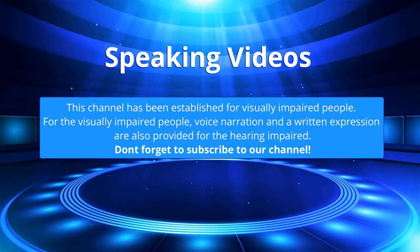This channel has been established for visually impaired people. For the visually impaired people, voice narration and a written expression are also provided for the hearing impaired. Don't forget to subscribe to our channel.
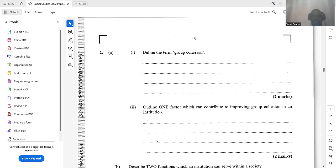One factor that can contribute to improving group cohesion in an institution is to have inclusive leadership. We don't want a leader who is autocratic — who makes all decisions alone and doesn't take input from members. For the group to be cohesive, the leader must be democratic: a leader by the people, for the people.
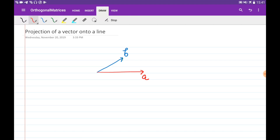Let's find the orthogonal projection of some vector b onto another vector a. In order to make the orthogonal projection of b, we need to draw a perpendicular to a and find a vector p along this vector a. This vector p is along a, so it can be obtained by just scaling a — by just changing the length of a.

Problem statement>
Start to finish, write out the data above exactly, omitting all pictures.

Written solution>
This channel has been established for visually impaired people. For the visually impaired people, voice narration and a written expression are also provided for the hearing impaired. Don't forget to subscribe to our channel.
One factor that can contribute to improving group cohesion in an institution is to have inclusive leadership. We don't want a leader who is autocratic — who makes all decisions alone and doesn't take input from members. For the group to be cohesive, the leader must be democratic: a leader by the people, for the people.
Let's find the orthogonal projection of some vector b onto another vector a. In order to make the orthogonal projection of b, we need to draw a perpendicular to a and find a vector p along this vector a. This vector p is along a, so it can be obtained by just scaling a — by just changing the length of a.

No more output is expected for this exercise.